Even though the latest bill was publicized as the "Corporate Tax Bill," it contains a number of provisions
that directly affect individuals and non-corporate businesses. Furthermore, it is extremely complex and
more than 600 pages long as a result of a plethora of amendments added to garner support for the bill.
In fact, there are so many special provisions relating to specific industries or groups that it is
known in some circles as the "American Pork Act of 2004."
Here we detail provisions that affect Form 1040 returns for tax year 2004, then give
a brief overview of the rest of the bill.
Highlights for individuals for tax year 2004
Before getting into the myriad of provisions in the new tax bill that don't take effect until
tax year 2005, here are some items of
particular interest to individuals for tax year 2004 ...
most of which neither affect corporations nor create jobs!
- State and local sales tax deduction for itemizers. Before 1986, state and local sales tax
paid by a taxpayer was deductible as an itemized deduction on Schedule A,
as was state and local income tax paid. When the deduction for sales tax
was eliminated, the deduction for state income tax paid was retained. As a result,
there became an inequity for taxpayers in states that have no state income tax and support themselves
with other taxes instead. Without reverting to the pre-1986 law, the new law attempts to
alleviate this inequity by giving taxpayers the option of deducting either their state and local
income tax paid or their state and local sales tax paid, whichever is higher.

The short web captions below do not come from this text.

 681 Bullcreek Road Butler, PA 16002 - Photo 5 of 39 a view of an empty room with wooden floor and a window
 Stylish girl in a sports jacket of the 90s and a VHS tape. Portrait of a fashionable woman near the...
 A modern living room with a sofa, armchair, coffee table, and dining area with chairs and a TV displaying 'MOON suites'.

Furthermore, the law is retroactive to January 1, 2004. However, since no-one can expect that
taxpayers would have kept track of their sales taxes prior to the enactment of this new law,
and few would want to do so even after knowing about the law, Congress instructed the IRS to
generate tables for use by taxpayers in lieu of actual receipts, at the taxpayer's option).

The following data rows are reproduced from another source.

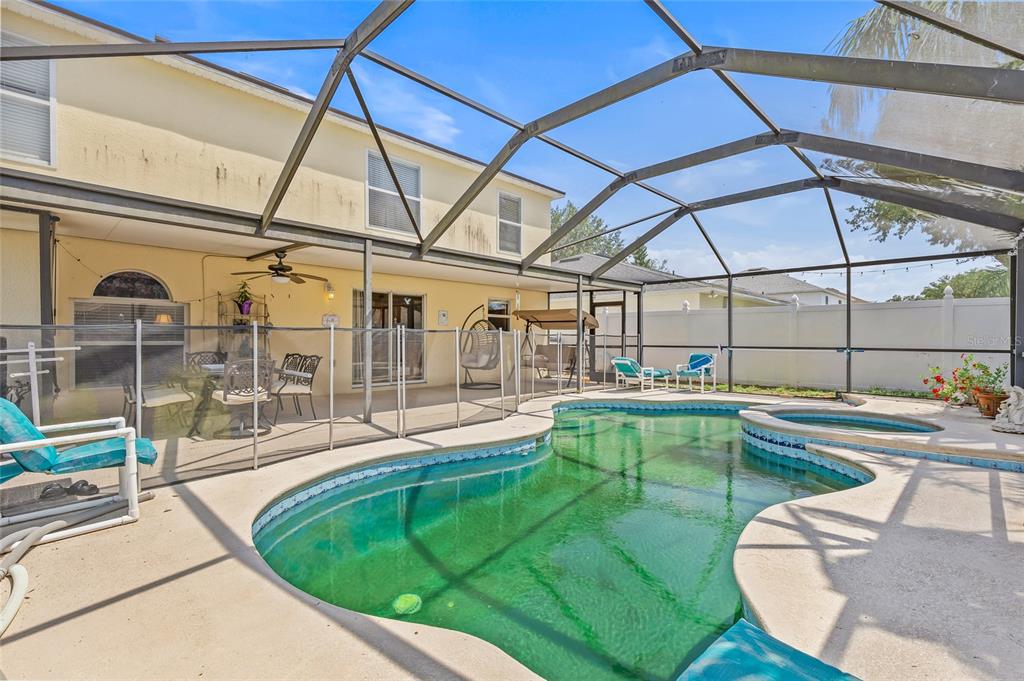10311 Frog Pond Drive Riverview, FL 33569 - Photo 34 of 39 a view of a swimming pool with a patio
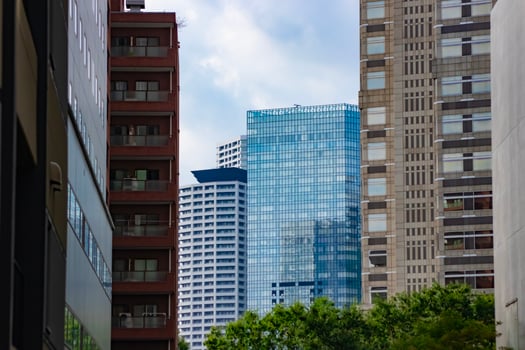 A cityscape of cloud reflecting on the building in Shinjuku Tokyo telephoto shot photo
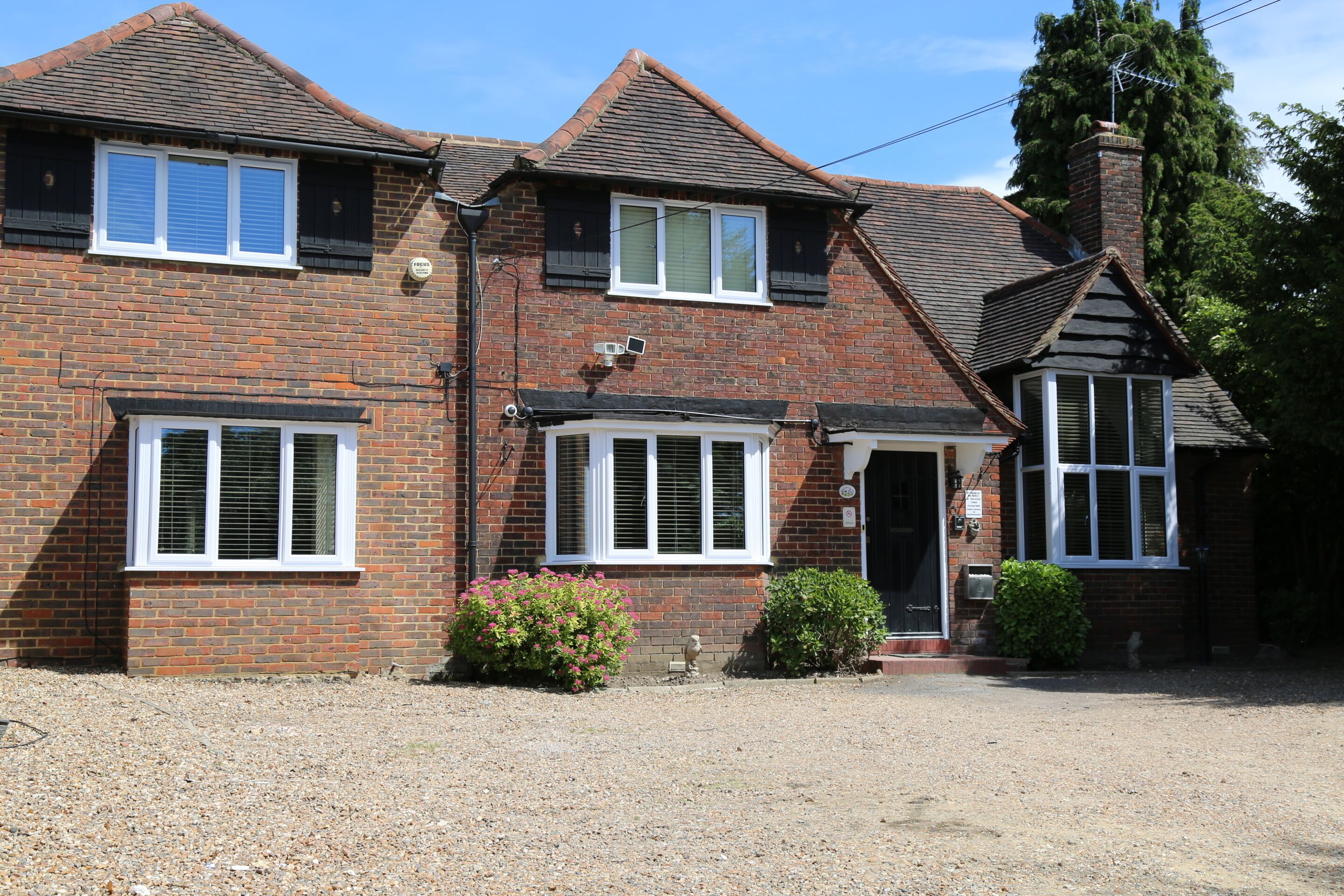 A two-story brick house with a front porch, a chimney, and a small garden area.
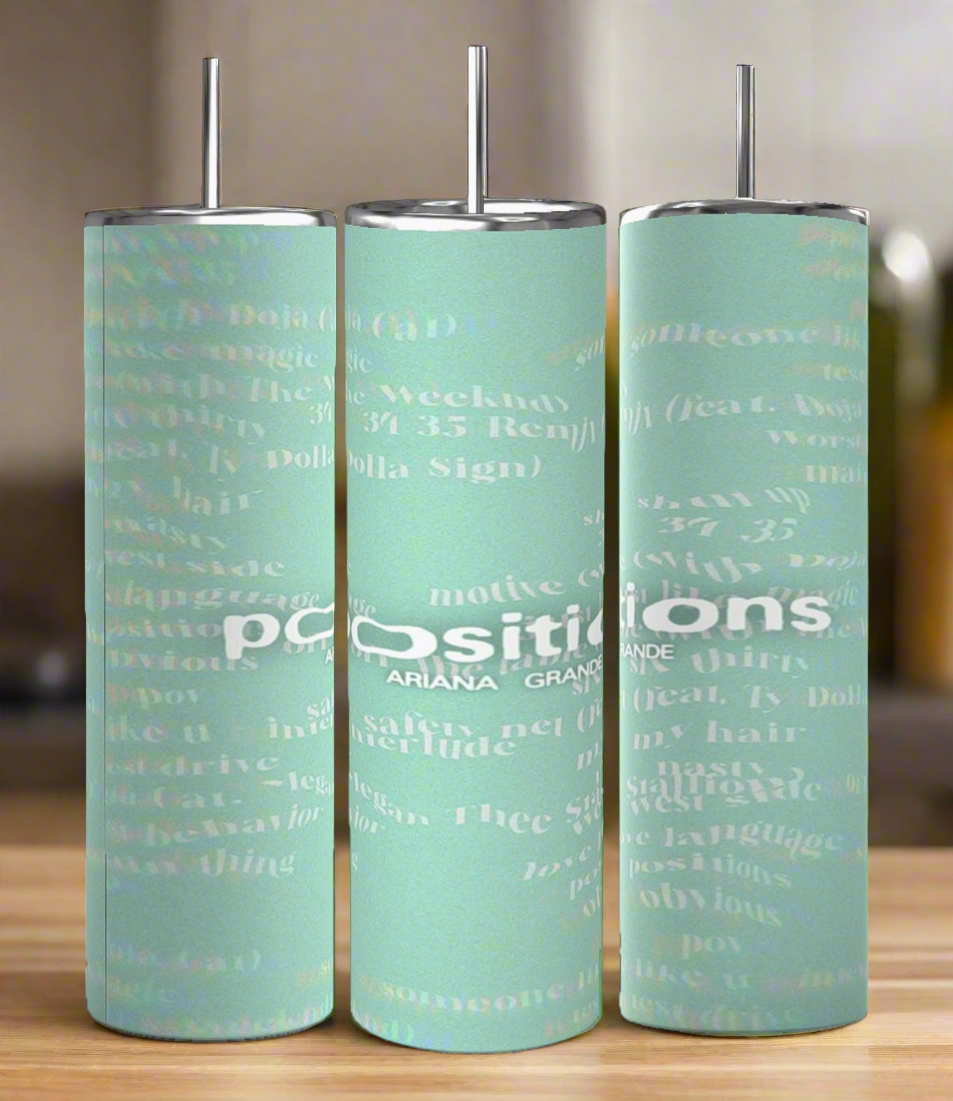 Three Positions Ariana Grande 20 oz skinny tumblers by Kreative Kreationz, featuring metal lids and straws, showcase a light green background adorned with white text and graphics. These eco-friendly cylinders, each displaying "positions," rest elegantly on a wooden surface.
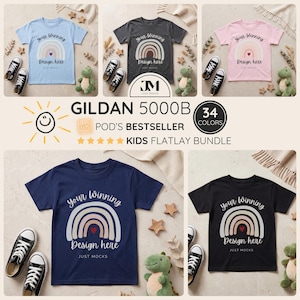 Könnte beinhalten: Ein Flatlay-Bundle von Kinder-T-Shirts in verschiedenen Farben, jedes mit einem Regenbogen-Design und dem Text "Your Winning Design Here". Das Bild enthält Turnschuhe, Stofftiere und dekorative Elemente. Der Text "GILDAN 5000B" und "34 FARBEN" sind ebenfalls sichtbar.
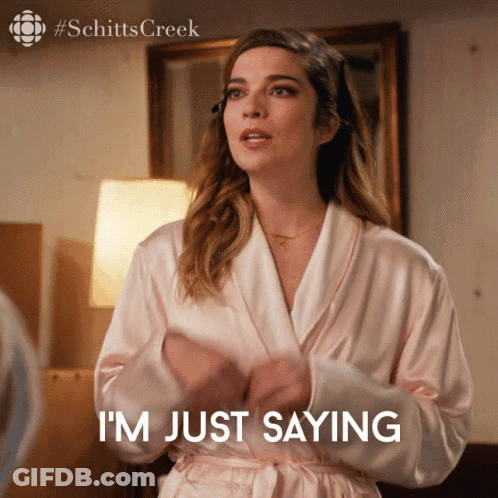 Woman In Robe Saying I'm Just Saying GIF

The tables are to be based on the taxpayer's filing status,
number of dependents, AGI, and applicable sales tax rates. Motor vehicles, boats, and other special
high-ticket items would be excluded from the tables, and the taxpayer could deduct the amount from the table
plus the amount stemming from the cited high-ticket items.

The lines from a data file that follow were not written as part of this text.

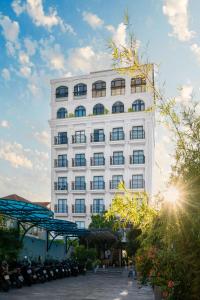 a tall white building with a lot of windows at Le Cap Hotel & Apartment in Da Nang
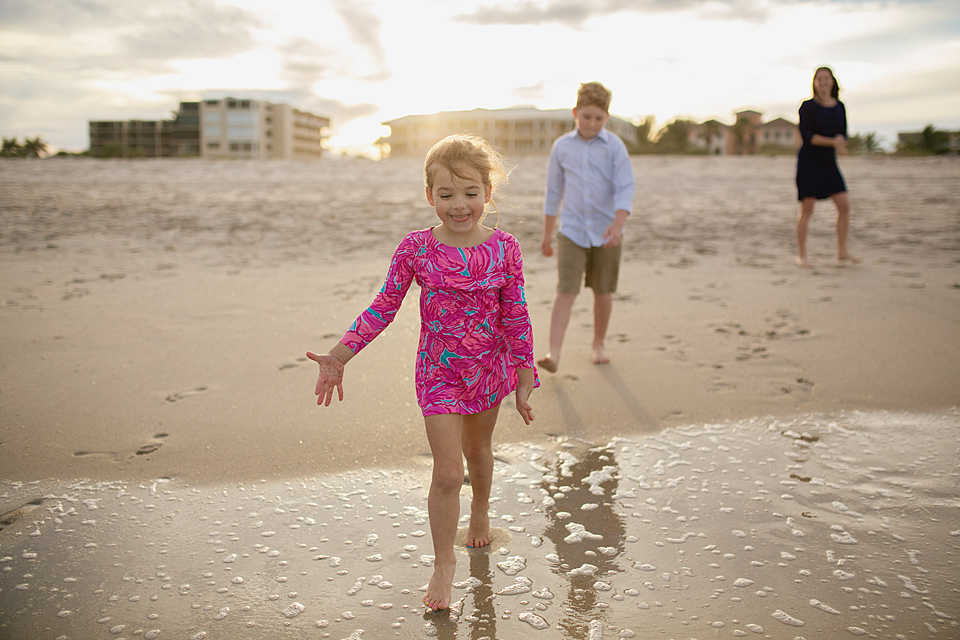 girl running into the water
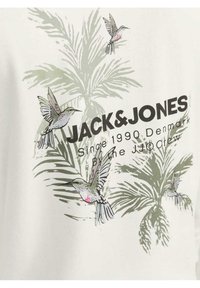 Camiseta de algodón blanca con un diseño tropical que presenta hojas de palmera verdes y colibríes con acentos rosas. Texto: "JACK & JONES Desde 1990".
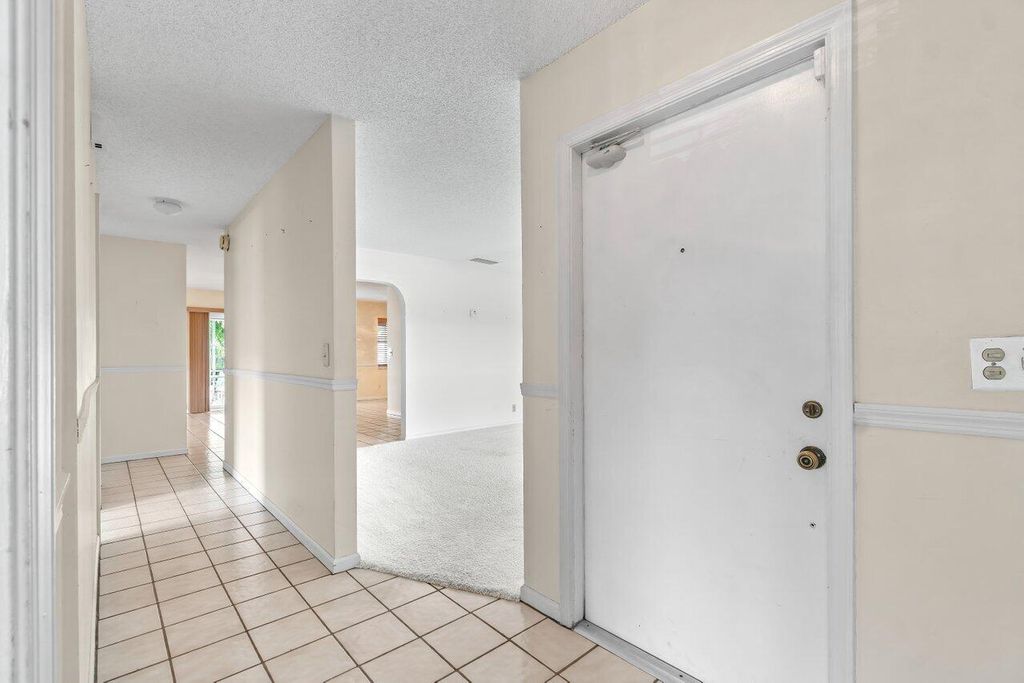 Photo of 1451 E Libby Drive, West Palm Beach, FL 33406 (MLS # R10964716)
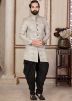 Cream Asymmetric Sherwani With Dhoti In Jacquard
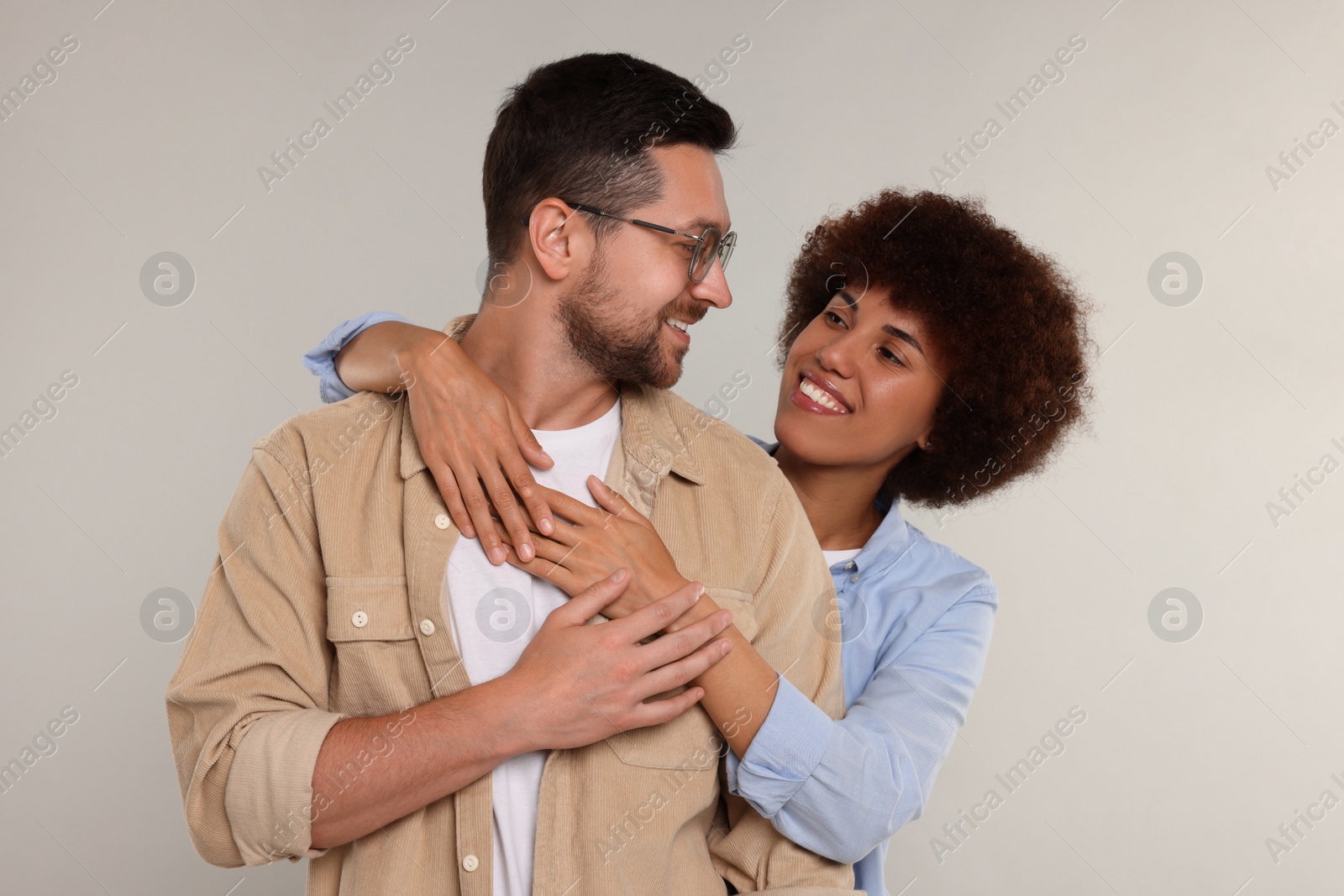 Photo of International dating. Happy couple hugging on light grey background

The main beneficiaries of this new law are residents of Alaska, Florida, Nevada, South Dakota,
Texas, Washington, and Wyoming, all of which have no state income tax, as well as New Hampshire and
Tennessee, both of which tax only dividend income.
(As written in the law, the new deduction
applies only to tax years 2004 and 2005. The IRS has already issued a new draft of Schedule A to handle
this change, but the tables that the IRS must generate for those who don't save receipts could
greatly delay the instructions for Schedule A.)
- Tightening of the notorious SUV loophole. Many sport utility vehicles have
escaped the annual limitation on depreciation of passenger automobiles because of their weight.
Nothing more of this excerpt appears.